Ci inclus petit croquis d’une toile de 30 carrée – enfin le ciel étoilé peint la nuit même, sous un bec de gaz. Le ciel est bleu vert, l’eau est bleu de roi, les terrains sont mauves. La ville est bleue et violette. le gaz est jaune et ses reflets sont or roux et descendent jusqu’au bronze vert. Sur le champ bleu vert du ciel la Grande Ourse a un scintillement vert et rose dont la paleur discrète contraste avec l’or brutal du gaz.
Deux figurines colorées d’amoureux à l’avant plan.1
 1v:2
Pareillement croquis d’une toile de 30 carrée représentant la maison et son entourage sous un soleil de souffre, sous un ciel de cobalt pur. Le motif est d’un dur! mais justement je veux le vaincre. Car c’est terrible ces maison jaunes dans le soleil et puis l’incomparable fraicheur du bleu.

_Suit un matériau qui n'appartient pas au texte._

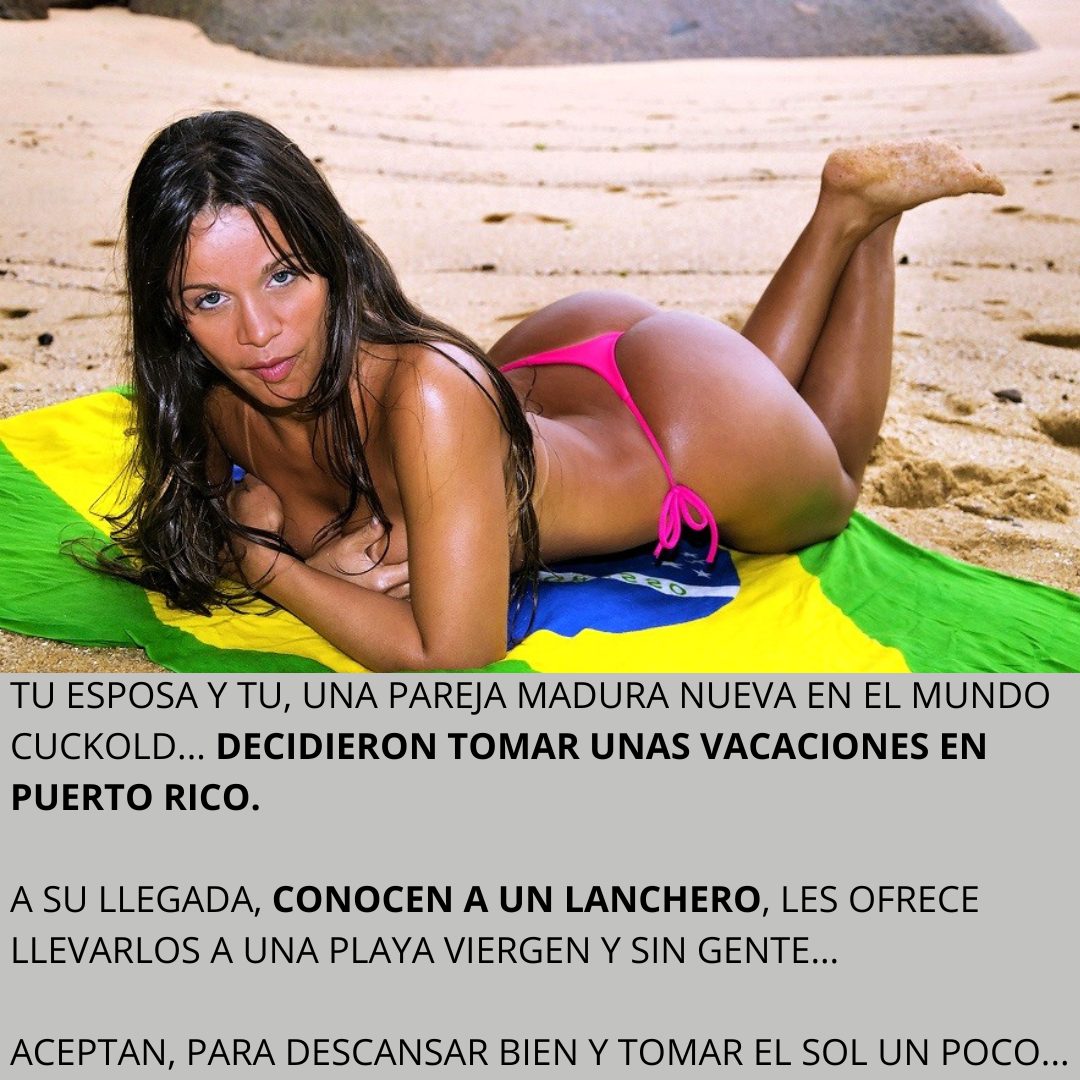 Microrelatos 4!! Cuckold.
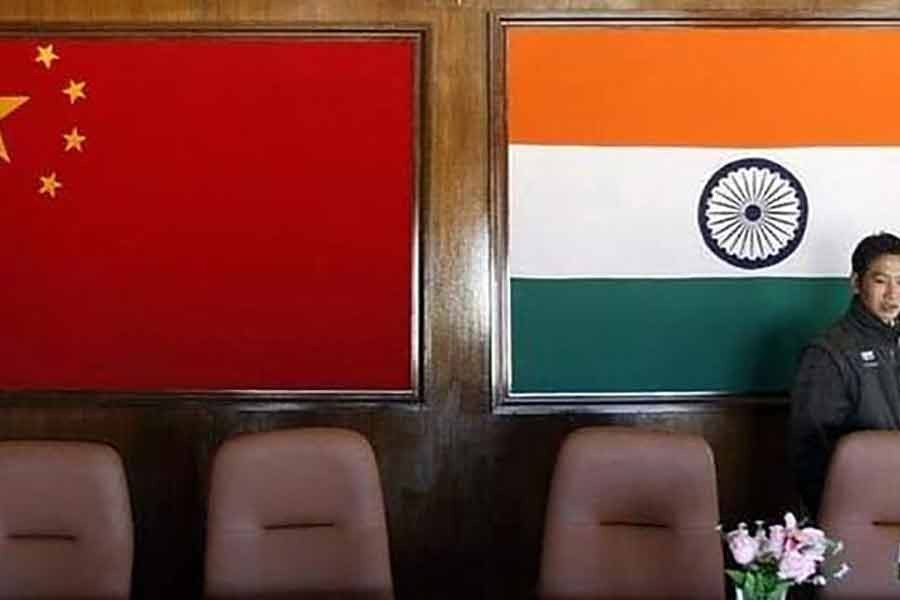 China renames 15 locations in Arunachal Pradesh of India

Tout le terrain est jaune aussi. Je t’en enverrai encore un meilleur dessin que ce croquis de tête,2 la maison à gauche est rose à volets verts, celle qui est ombragée par un arbre, c’est là le restaurant où je vais diner tous les jours.3 Mon ami le facteur reste au fond de la rue à gauche entre les deux ponts du chemin de fer.4
Le café de nuit que j’ai peint n’est pas dans le tableau, il est à gauche du restaurant.5
Milliet trouve cela horrible mais je n’ai pas besoin de te dire que lorsqu’il dit ne pas pouvoir comprendre qu’on s’amuse à faire une boutique d’épicier6 aussi banale et des maisons aussi raides et droites sans grace aucune, moi je songe que Zola a fait un certain boulevard dans le commencement de l’assommoir7 et Flaubert un coin du quai de la Villette en pleine canicule dans le commencement de Bouvard et Pecuchet,8 qui ne sont pas piqués des vers. Et cela me fait du bien de faire du dur. Cela n’empêche que j’ai un besoin terrible de, dirai je le mot – de religion – alors je vais la nuit dehors pour peindre les étoiles et je rêve toujours un tableau comme cela avec un groupe de figures vivantes des copains.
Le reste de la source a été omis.